Agatha had a sudden mental picture of Freddy, sitting in his cubicle at the stage door-bound to be a sort of cubicle, they all were-and avidly reading some book or magazine on gardening while some shadowy figure slipped past him.

“It was a warm evening,” she said. “Was the street door open?”

“Yes, I had to let some air in.”

“So you wouldn’t hear anyone come in?”

“I’d hear their footsteps and look up.”

“Could someone got past you at a crouch-under your line of vision?”

“I s’pose they could,” he said uneasily.

“Didn’t you have to go and pee?” asked Paul.

He puffed at his pipe for a long moment. “That I did. But I shut and locked the outside door while I went off.”

“And how often did you go?” asked Agatha.

“Three times. My bladder ain’t what it used to be. Age. You know what it’s like.”

“Not yet,” said Agatha frostily.

“And you shut the door each time you went?” asked Paul.

Another long silence while Freddy puffed energetically on his pipe. “Sure I did,” he said.

“Tell us about Robin Barley,” said Agatha. “Did anyone really hate her?”

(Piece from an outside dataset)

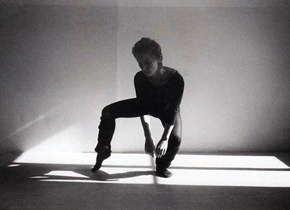 TANZTHEATER Susanne Hajdu - FOTO vergrössern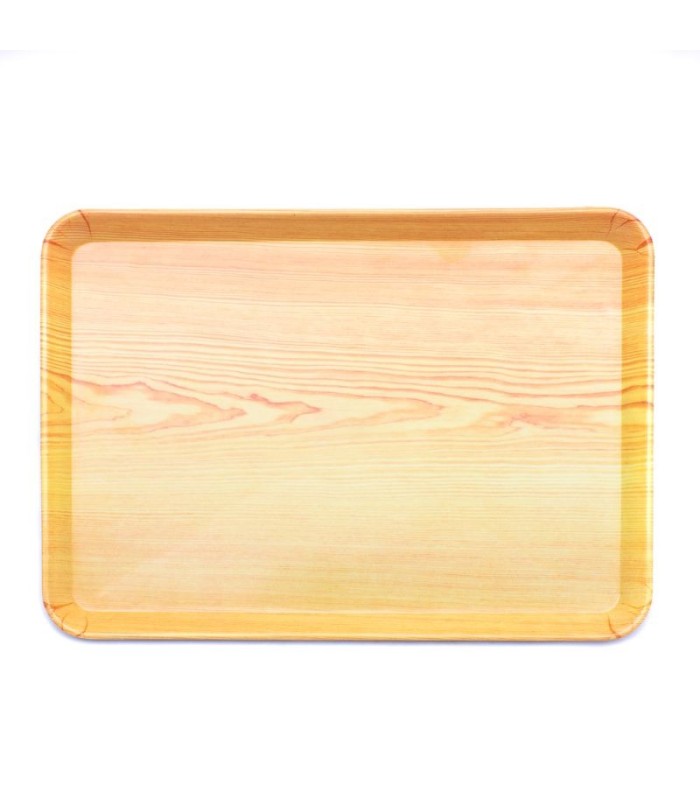 Bandeja de melamina 38x27cm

“She got up the noses of a lot of people, that’s for sure. But they’re all a bunch of prima donnas. Sometimes I come across them in their day jobs, at the bank or in the shops, and they’re as quiet as mice. But the minute they get in their theatre, they all think they’re Alec Guinness and Edith Evans.”

“Did you know Robin very well?”

“As well as anyone, I suppose,” said Freddy. “Mind you, she did a lot of good work for the church, and let’s face it, without her money there wouldn’t be any Mircester Players and I wouldn’t have a job. She loved the theatre.